I'm also curious what 'must work' entails.

Doctors may like being doctors, but I'm sure there are more who would sign up
to be neurologists than gastroenterologists.

------
confluence
Is there a word for market based socialism? You know capitalism with hair cut
upside (taxation) and a hard floor protected low side (poverty).

For example - in a developed world most people don't want anyone (lest
themselves) to starve, be unable to afford an education for their children, be
unemployed or be unable to access life saving healthcare.

However we must also encourage innovation and hard work (don't cap upside -
just hair cut it for public utility use - aka taxation) - so people should be
allowed to earn more - but they are not allowed to fall below the poverty line
- ever.

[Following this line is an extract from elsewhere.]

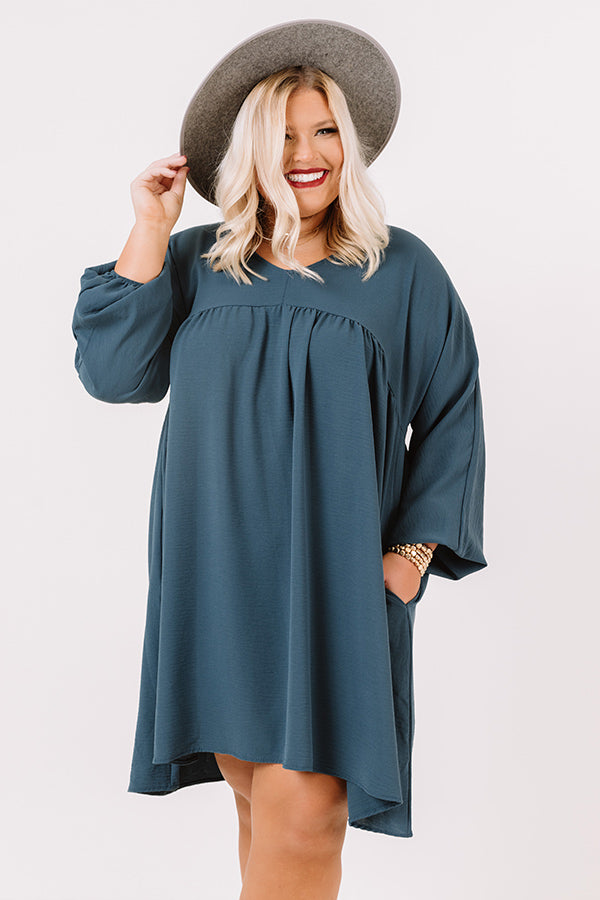 Charming Pose Babydoll Dress In Teal   Curves Image - 2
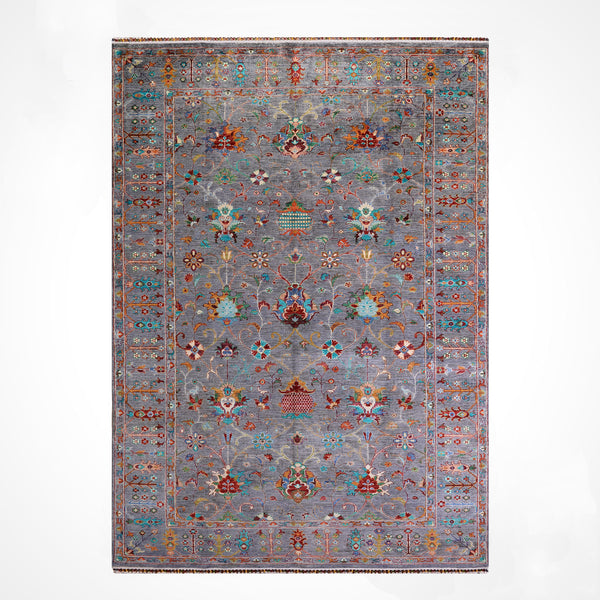 Sultani Binbirgece Orijinal El Dokuması Gri Kök Boya Yün Halı 198x305 6.04 Metrekare - 7x10 ft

This is good for a mass market based economy that requires a large
middle class with a decent amount of disposable income (1 rich person = 1 pair
of jeans, whereas for an equivalent amount of wealth 1000 middle class people
= 1000 jeans from the rich person).

If the pie is growing just like the market fundamentalists say - well then
there's no problem with this. Just keep growing - you'll have more in the end
- and pay for your disproportionate benefit from the use of public/common
goods - aka suck it up and share children.

Indeed - with the automation I see coming within the next 2 decades - a lot of
these free market fundamentalists will be, quite frankly, out of a job.

I look forward to mass unemployment.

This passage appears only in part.